Auf dem Rad "die Stadt anders kennengelernt"
Jörg Brinkmann, Vorsitzender des Essener Fahrrad-Clubs ADFC, glaubt, dass für mindestens zwei Drittel der Essener Schulen sich sichere Alternativrouten für Radler finden lassen. „Viele Eltern haben nur die Wege im Fokus, die sie mit dem Auto fahren. Die kennen die Schleichwege in der Stadt nicht.“
Das sagt auch Rolf Fliß von der Essener Fahrrad-Initiative (EFI): „Ich bin meist mit dem Fahrrad gefahren – auch zur Schule . Ich habe so die Stadt Essen anders kennengelernt.“ Sowohl ADFC als auch EFI glauben, dass Jugendliche ein besseres Gespür für Gefahren bekommen, wenn sie verantwortlich und früh auf die aktive Teilnahme am Straßenverkehr vorbereitet werden. Wer nur auf der Rückbank im Auto sitzt, lerne wenig.
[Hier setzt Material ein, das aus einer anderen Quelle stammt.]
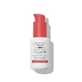 Christophe Robin Regenererend Serum Met Cactusvijgolie , 250 ml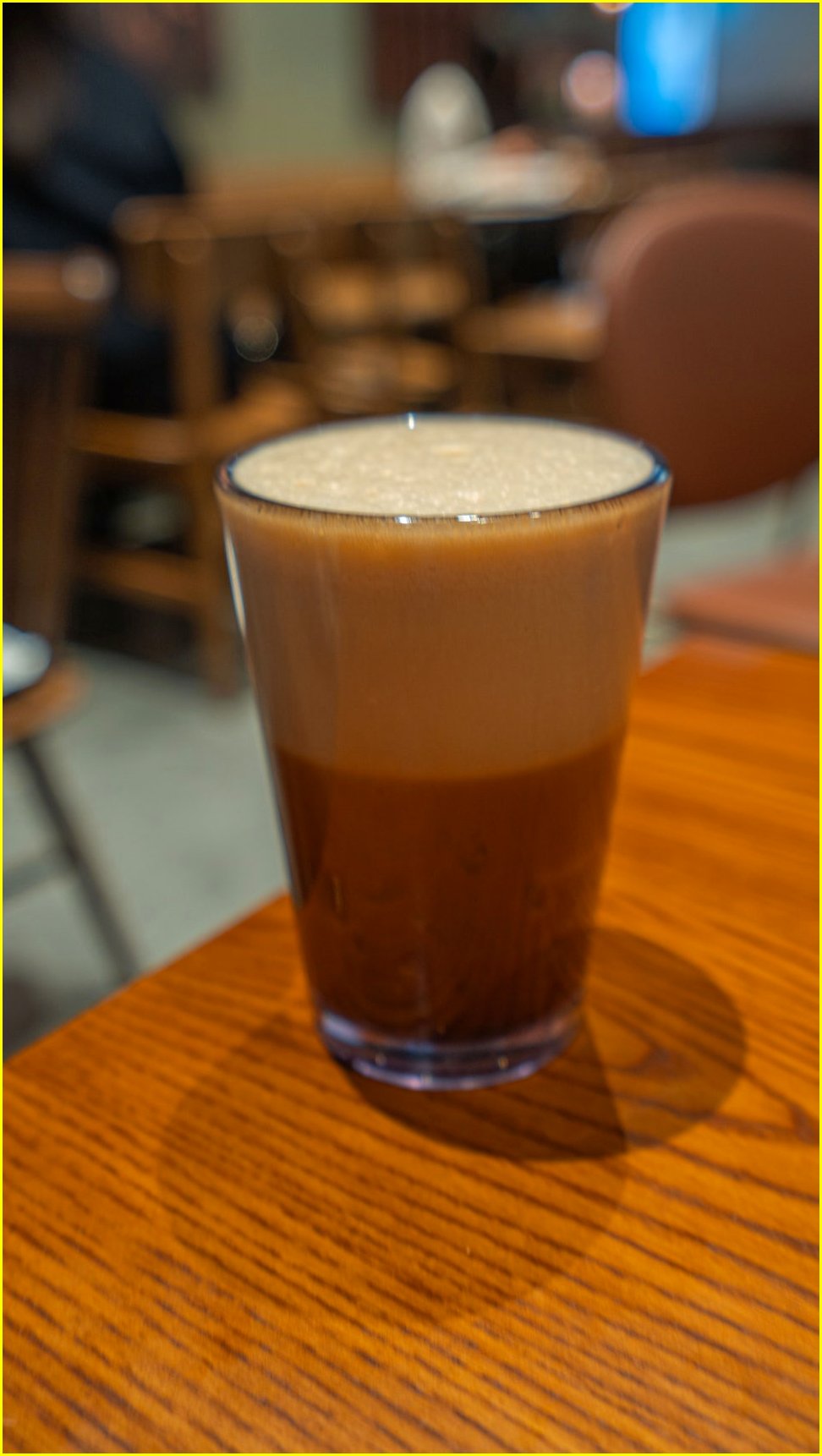 스타벅스 에어로카노 맛과 가격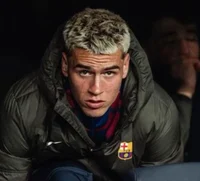 Marc Guiu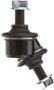Suspension Stabilizer Bar Link TC6444 - right view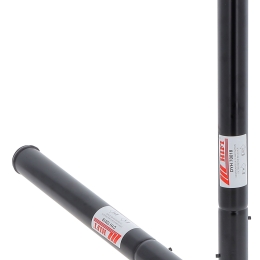 Osuszacz klimatyzacji dla STEYR 4115 KOMPAKT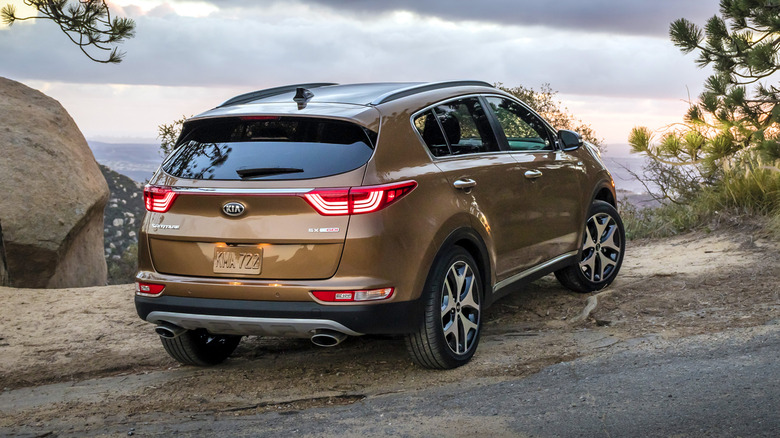 2017_Sportage_SX_Turbo_AWD (3)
Ansprechpartner und Unterstützer
Das Projekt Schulweg-Check wird von der Stadt Essen unterstützt. Die Koordination mit den Schulen übernimmt Klima-Managerin Ute Zeise von der städtischen Klimaagentur. Interessierte weiterführende Schulen können sich an sie wenden unter der Telefonnummer 88 59 201.
Auch die Essener Radsport Gemeinschaft 1900 e.V. unterstützt das Projekt und will mithelfen, dass mehr Schüler aufs Rad steigen. „Es muss doch nicht sein, dass 50 Autos von Eltern vor einer Schule stehen“, findet Vorstandsmitglied Julia Schwarz.